======== DATASET SECTION ========
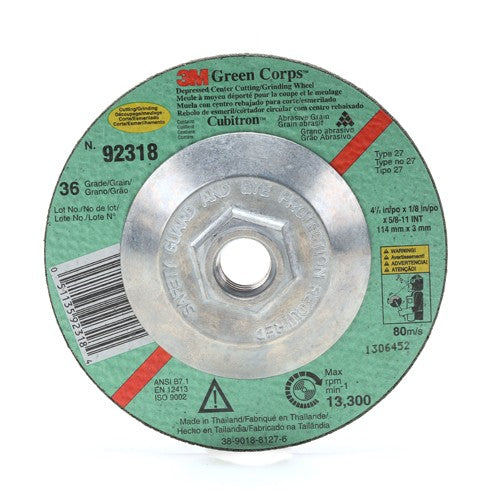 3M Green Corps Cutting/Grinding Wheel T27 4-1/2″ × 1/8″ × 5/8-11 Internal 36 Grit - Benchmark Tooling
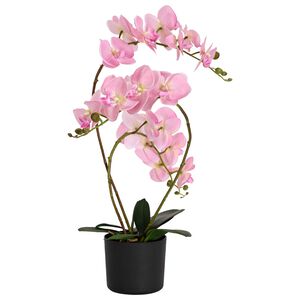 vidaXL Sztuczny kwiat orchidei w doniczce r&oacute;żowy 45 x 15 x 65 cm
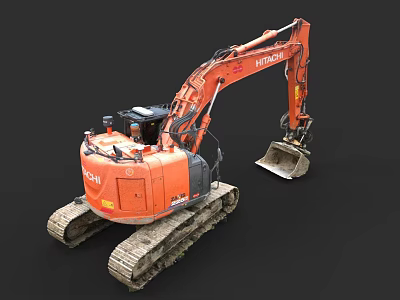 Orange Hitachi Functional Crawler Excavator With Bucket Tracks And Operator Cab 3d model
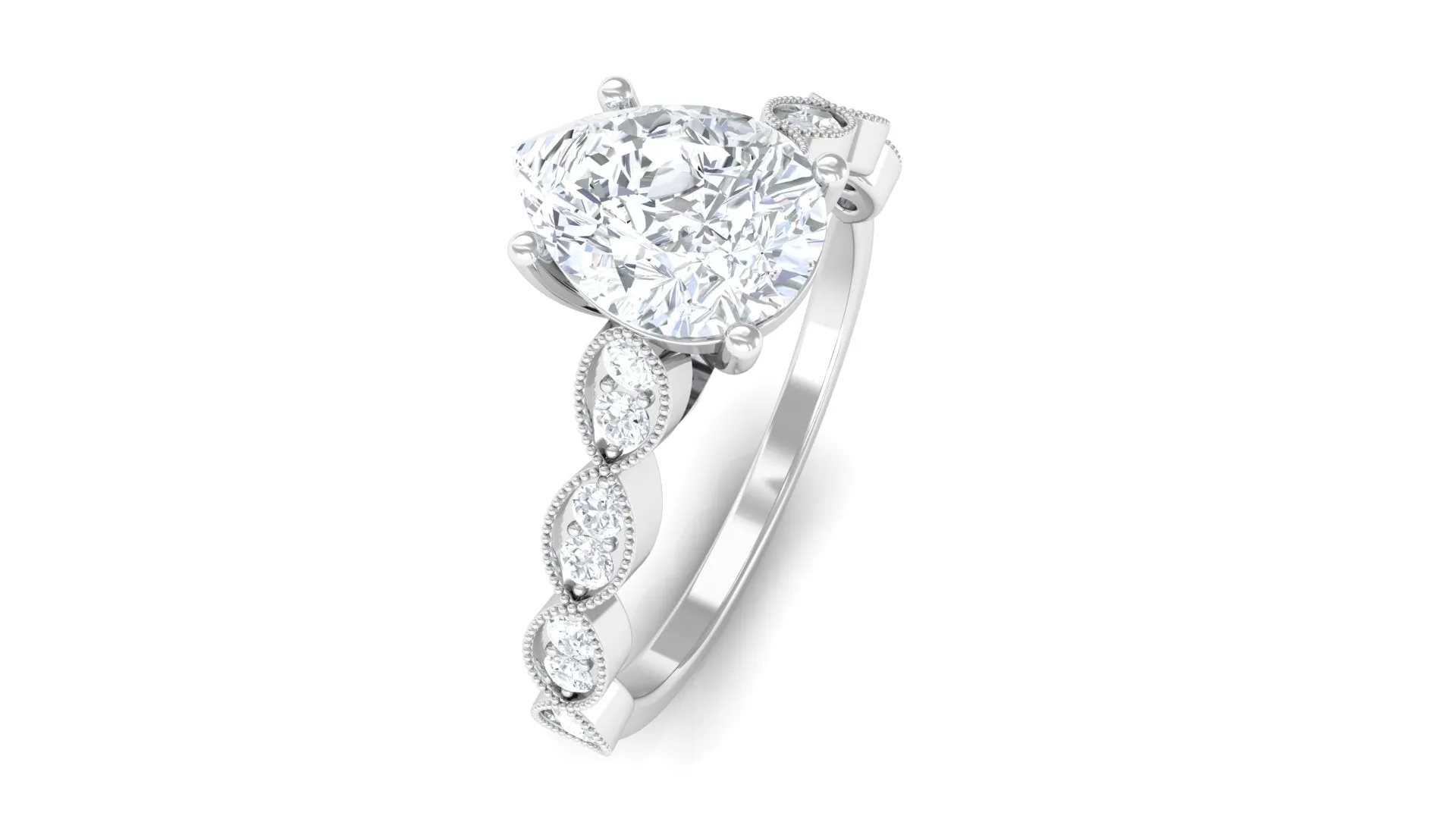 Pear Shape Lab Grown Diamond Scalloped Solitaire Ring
========
TASK GOAL ▸ Return the material exactly as it reads, though without the pictures it holds.

SOLUTION FOR THIS EXERCISE ▸
 3M Green Corps Cutting/Grinding Wheel T27 4-1/2″ × 1/8″ × 5/8-11 Internal 36 Grit - Benchmark Tooling
 vidaXL Sztuczny kwiat orchidei w doniczce r&oacute;żowy 45 x 15 x 65 cm
 Orange Hitachi Functional Crawler Excavator With Bucket Tracks And Operator Cab 3d model
 Pear Shape Lab Grown Diamond Scalloped Solitaire Ring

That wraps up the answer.